We've been watching Star Trek Deep Space Nine at our house over the past several weeks. We just saw an episode from season 2 where two of the characters go into the same terrible mirror universe where Captain Kirk was transported in the original series. Do you remember? It's the one where Spock has a mustache and goatee, and Sulu and Chekov both try to kill Kirk.
The DS9 characters encounter several of their usually high-minded friends in the mirror version of the space station, many of whom are literal pirates or are using their skills to efficiently "just follow orders."
I admit I've never fully thought through what it would be like to grow up in a world where all the incentives are aligned around staying alive and doing what the violent, narcissistic people in power want. If there was no teaching at all about doing unto others as you would have done unto you, why would you develop a morality based on those precepts, especially when the most obvious examples of success around you are the exact opposite?
Since I became aware of morality as a thing independent of religion, in the last two years of high school, I have never questioned that anyone can have an innate sense of right and wrong, of being committed to human betterment without regard to their own compensation. But maybe that is incorrect if you grow up in a slough of depravity like the one depicted on DS9.
It seems as though there are an awful lot of rich, powerful people trying to create a U.S. society where amorality is the core value. As if they saw the bad future from Back to the Future II and said, "Yeah, that's what we want!"

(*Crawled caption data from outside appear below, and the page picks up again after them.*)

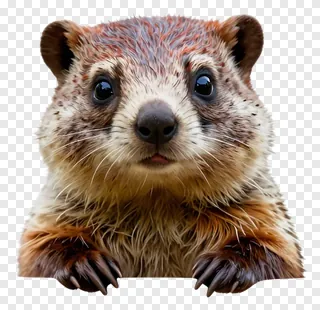A marmot peeking over an edge with wet fur.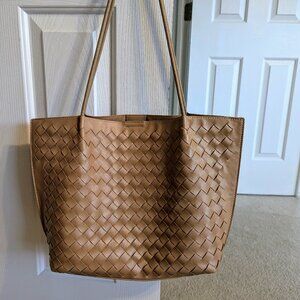 Woven tote vegan leather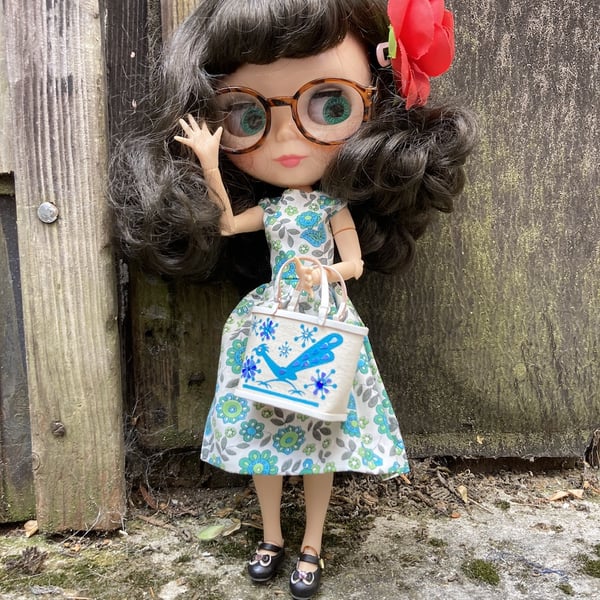 Handmade Miniature Enid Collins of Texas Teal Roadrunner Dolls Handbag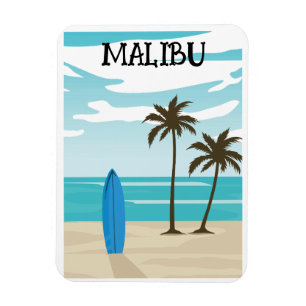 Magnet Flexible Retro Minimal Malibu California Beach Travel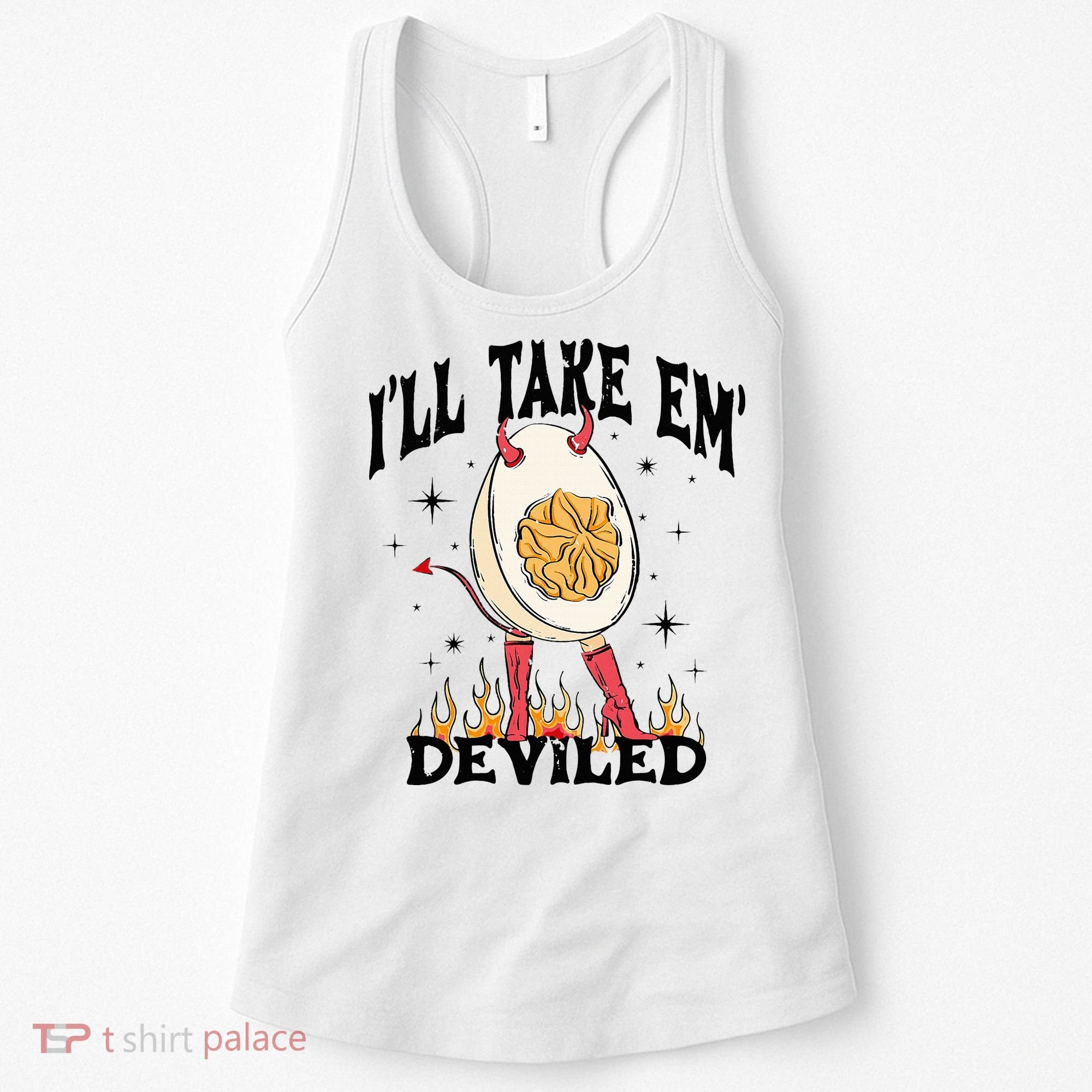 Groovy Ill Take Em Deviled Thanksgiving Funny Egg Women's Tank Top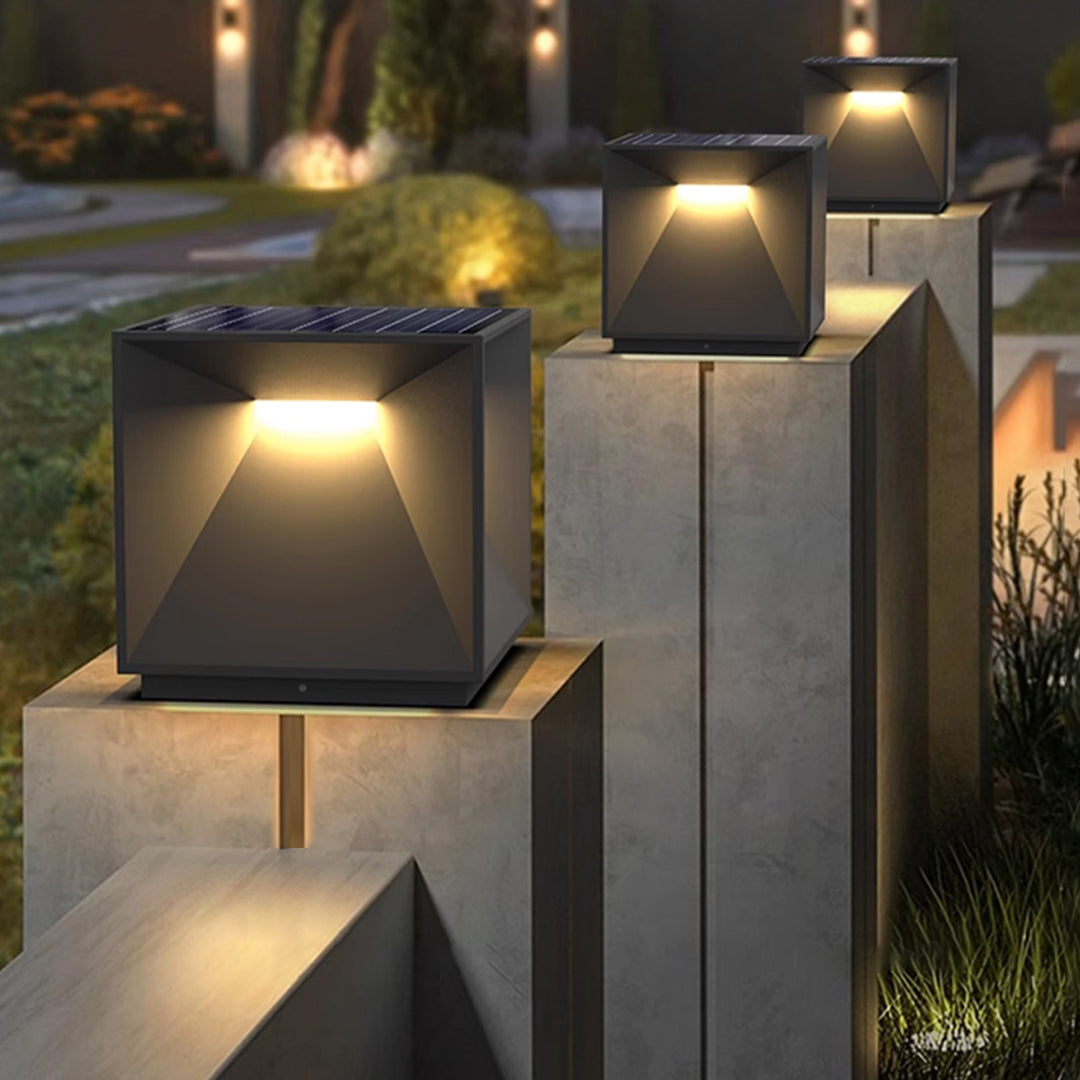Outdoor Garden Pillar Light — Stainless Steel & Acrylic, 14W LED, Solar / Hardwired, IP65, 4 Sizes, Black or White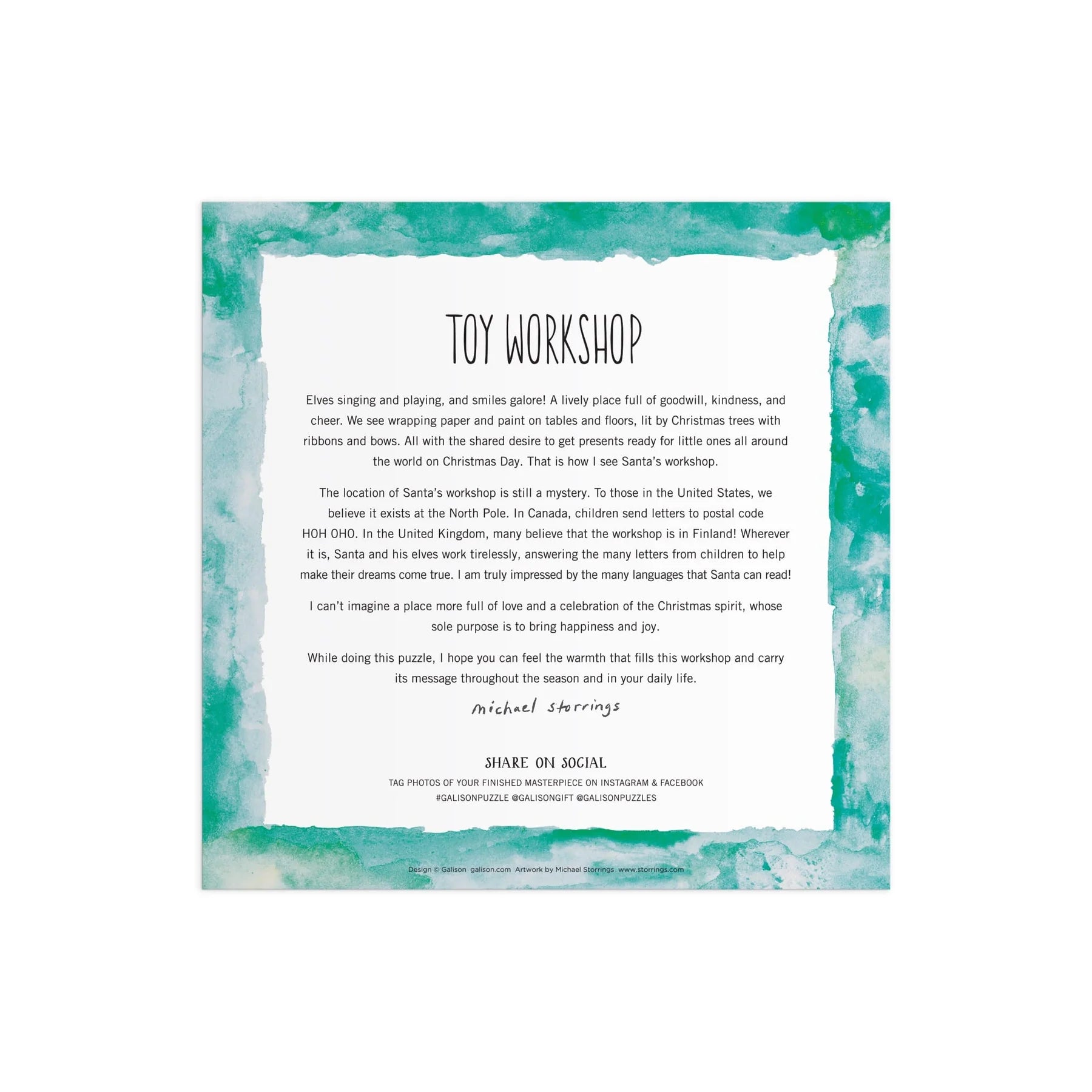 Michael Storrings Toy Workshop - 500 Piece Foil Jigsaw Puzzle - Galison - littleyoyo.ca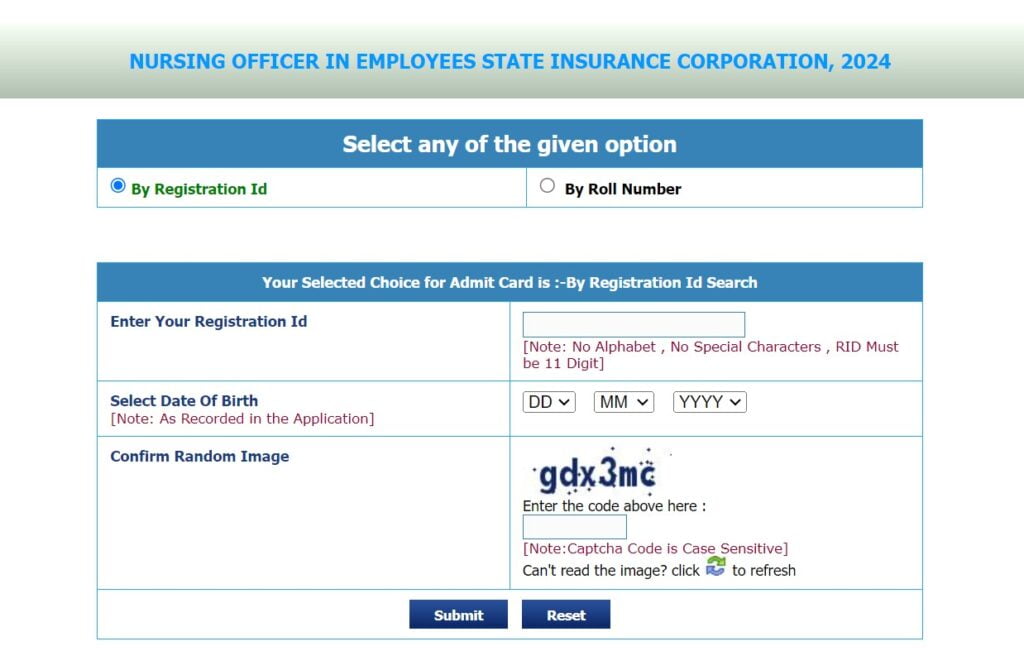 ESIC NURSING OFFICER ADMIT CARD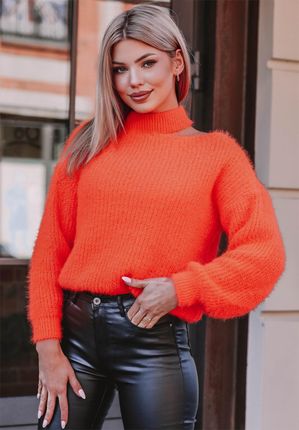 Sweter z odkrytym ramieniem Nellie neonowy pomarańcz : Rozmiar - Jeden rozmiar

So I was brought up short today while reading kottke.org, when I came across his post about a W.E.B. Du Bois speech from 1953. Du Bois was speaking about how he would measure prosperity. He said:
Work is service, not gain. The object of work is life, not income. The reward of production is plenty, not private fortune. We should measure the prosperity of a nation not by the number of millionaires but by the absence of poverty, the prevalence of health, the efficiency of the public schools, and the number of people who can and do read worthwhile books.
It almost made me weep to hear someone say something so opposite of the mirror world we seem to be living in. Something that should be commonplace, but that I know is not. And something that we're getting farther from with every day.